This was not the Sunday Salon post I had originally planned, but a couple of things conspired to bring it about. First, was Liz B‘s very thoughtful (and eloquent) response to the Faking Nice in the Blogosphere essay in the Huffington Post. Second, was a conversation I had with a commenter on a recent post of mine. Add musing about Lenore’s post on bloggers’ unforgivable sins/pet peeves (which I followed mostly on Twitter), and you’ve got a post that’s begging to be written.
Once upon a time, when I was in school, they told me that journalists are supposed to be objective. Get every side of a story, they said. Tell the facts, they said. We’re here to give the public the truth, they said. And, for the most part, I believed them. I believed that I could be objective about the story I was reporting on. I believed there was a way to get the whole truth, to fully inform the public.

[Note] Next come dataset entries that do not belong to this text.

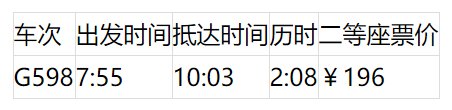 上海坐高铁可到24个省区市 最快的车次为你搜集好了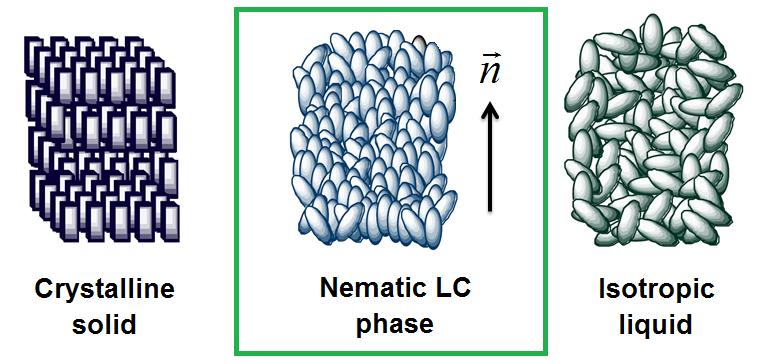 Figure 2.1: Schematic of a crystalline solid, nematic LC and isotropic liquid.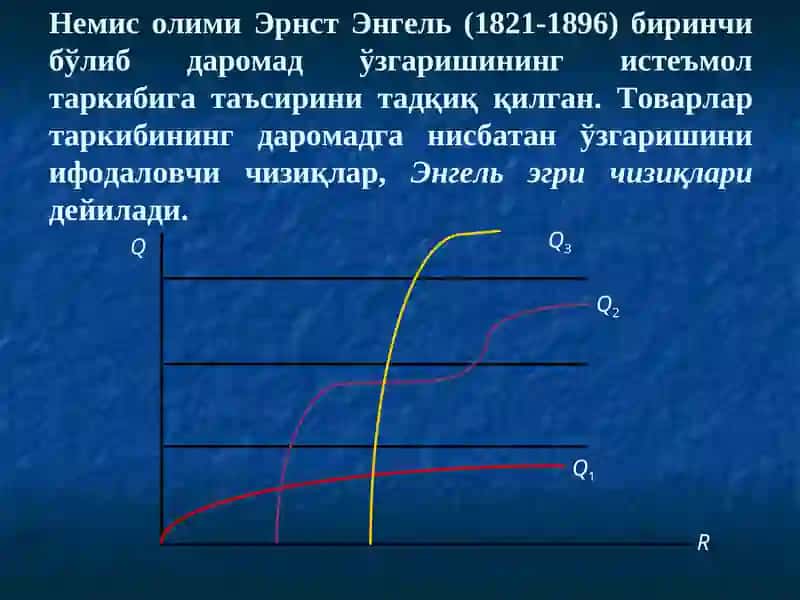 Даромад-истеъмол” чизиғи ва унинг таҳлили 3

Then again, I was a naive 20-something college student.
See, leaving aside debates about the metaphysical here, I’ve come to believe that there is no “truth”. There is no objectivity. Instead, there are only various sides to a story. A reporter, a reviewer, a person telling their neighbor what happened at school yesterday: all of them are constantly choosing what information to put in and what information to leave out. If you, for whatever reason, believe one newspaper, one TV news station, one reviewer, one blogger to be telling the “truth” about something, then, my friend, you are seriously misguided. What you are getting is one perspective. Which is a whole other ball of wax.
Now, you may find you agree with that perspective. That is entirely your prerogative. Or you may not. Again: that’s your prerogative. In fact, to throw in my two cents about the Huffington Post essay, that is one of the things I love about book bloggers. See: everyone has their own individual take on books; if you’re a serious blog reader (or even a serious reader looking for recommendations), you’ll read a fair number of blogs to get a wide view on a number of different books. You find the ones you like, you respectfully disagree with others, and we’re all happy.
Except when we’re not. See, it’s the respectfully disagree clause that gets me. One of the things about blogging and opinions is that they’re personal. As an aside — that’s one of the things I think contributes to the value of the lit blogsphere: there really is no pretense of objectivity here. We all have our individual views, our individual biases, and we’re not really afraid to get personal, to honestly speak our minds, especially when we’re discussing what we think about the books we read.
However, that leads us sometimes to give offense. Authors, publishers, other readers don’t particularly like it when our opinions don’t fully mesh with theirs. Which is why they told us, in school, that journalists (or reviewers) needed to be objective, impersonal. If we didn’t bring our bias into it, then we were above giving offense, we were above opinion, above debate. Honestly, though? That’s all really bull. And I think, on some level, we know it. In America at least, we are constantly throwing terms like “liberal bias” or “conservative bias”, or in the Huffington Post’s case “niceness” and “rigor”, around, which means — honestly — that we don’t really believe in total objectivity.
I really shouldn’t wonder, then, that we’ve forgotten how to have a dialogue. See, I have my opinions — and that’s all I’m expressing here — and you have yours. Sometimes, Heaven be praised, we agree. Other times, we don’t. And, you know what? That’s not the end of the world. I respect that you didn’t like a book I loved, and I hope the reverse is true. I respect your honest opinion of my reviews, whether you think they’re too chatty (yes, I’ve been told that) or too nice or too honest and mean (yes, I’ve been told that, too).
However, I do have a caveat: when we are having a discussion — whether it be in comments or as blog posts — I would appreciate it if you quoted my reviews correctly; not what you think I said, but what I actually wrote. I would also appreciate it if we could have an honest, open discussion (I know I circumvent this by sometimes calling authors arrogant asses, and I apologize for that; I could choose my words more carefully) without name-calling, sarcasm, or prejudgment.
I know I’m asking a lot, but there it is: it’s my blog you’re visiting, be nice. They’re my opinions you’re reading, take them for what they are. I would only expect that you’d expect the same from me.